The Williston Basin is an intracratonic basin in Canada and the USA, located atop the structurally complex suture zone between the Archean Superior province to the east and the Archean basement of the Wyoming structural provinces to the west. The basin in general has a very homogeneous subsidence history throughout most of the Paleozoic, that can be largely explained by simple thermal subsidence.
This simple subsidence model should result in a very predictive facies distribution with more proximal facies near the basin margin and the more distal deposition near the basin center. Although this type of regional facies distribution is present during large parts of the Devonian, including the Famennian Lower Bakken Shale deposition, the Pronghorn Member of the Bakken Formation does not adhere to this model.
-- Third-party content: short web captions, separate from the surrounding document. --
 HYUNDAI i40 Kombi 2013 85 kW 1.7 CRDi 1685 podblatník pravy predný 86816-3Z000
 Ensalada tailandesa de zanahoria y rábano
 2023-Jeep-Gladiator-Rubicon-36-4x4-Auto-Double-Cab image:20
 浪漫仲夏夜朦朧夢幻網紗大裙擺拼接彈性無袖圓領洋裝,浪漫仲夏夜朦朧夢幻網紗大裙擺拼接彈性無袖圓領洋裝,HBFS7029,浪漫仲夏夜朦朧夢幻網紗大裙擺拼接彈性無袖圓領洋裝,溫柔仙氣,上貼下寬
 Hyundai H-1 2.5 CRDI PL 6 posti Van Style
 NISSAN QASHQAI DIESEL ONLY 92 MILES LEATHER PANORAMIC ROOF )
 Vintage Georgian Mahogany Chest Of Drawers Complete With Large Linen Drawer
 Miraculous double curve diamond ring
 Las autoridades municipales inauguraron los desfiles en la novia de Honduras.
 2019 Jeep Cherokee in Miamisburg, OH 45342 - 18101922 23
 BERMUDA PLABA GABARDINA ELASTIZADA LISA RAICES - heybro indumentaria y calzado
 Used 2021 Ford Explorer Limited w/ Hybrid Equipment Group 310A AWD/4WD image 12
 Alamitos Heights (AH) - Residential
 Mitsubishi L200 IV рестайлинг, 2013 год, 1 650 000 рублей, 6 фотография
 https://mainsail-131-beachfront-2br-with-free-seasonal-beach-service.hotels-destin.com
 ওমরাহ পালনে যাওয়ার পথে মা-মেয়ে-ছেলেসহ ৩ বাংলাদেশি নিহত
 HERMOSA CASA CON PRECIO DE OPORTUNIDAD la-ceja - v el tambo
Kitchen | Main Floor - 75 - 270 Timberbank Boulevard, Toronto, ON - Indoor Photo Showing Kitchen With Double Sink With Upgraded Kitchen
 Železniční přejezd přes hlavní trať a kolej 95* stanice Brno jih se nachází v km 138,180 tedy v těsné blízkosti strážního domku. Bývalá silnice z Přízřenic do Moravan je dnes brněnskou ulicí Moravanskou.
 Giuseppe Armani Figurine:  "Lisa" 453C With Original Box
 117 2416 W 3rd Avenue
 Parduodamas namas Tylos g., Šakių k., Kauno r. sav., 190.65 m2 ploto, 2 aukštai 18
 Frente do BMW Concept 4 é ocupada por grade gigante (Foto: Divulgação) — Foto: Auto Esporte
Results from detailed (sub-centimeter scale) lithofacies descriptions and chemostratigraphy from 26 cores from North Dakota and Saskatchewan suggests that the Pronghorn Member changes in facies, composition, and thickness along known structural lineaments, such as the Weldon-Brockton-Froid Zone and the Goose Lake Trend. The data presented here suggests that these lineaments were active during the latest Devonian and dissected the Williston Basin into multiple sub-basins during Pronghorn deposition.
This detailed facies and chemostratigraphy study provides a new careful look on the controls of late Devonian deposition in the Williston Basin, and food for thought how tectonics might influence deposition in an intracratonic basin located hundreds of miles from an orogenic front.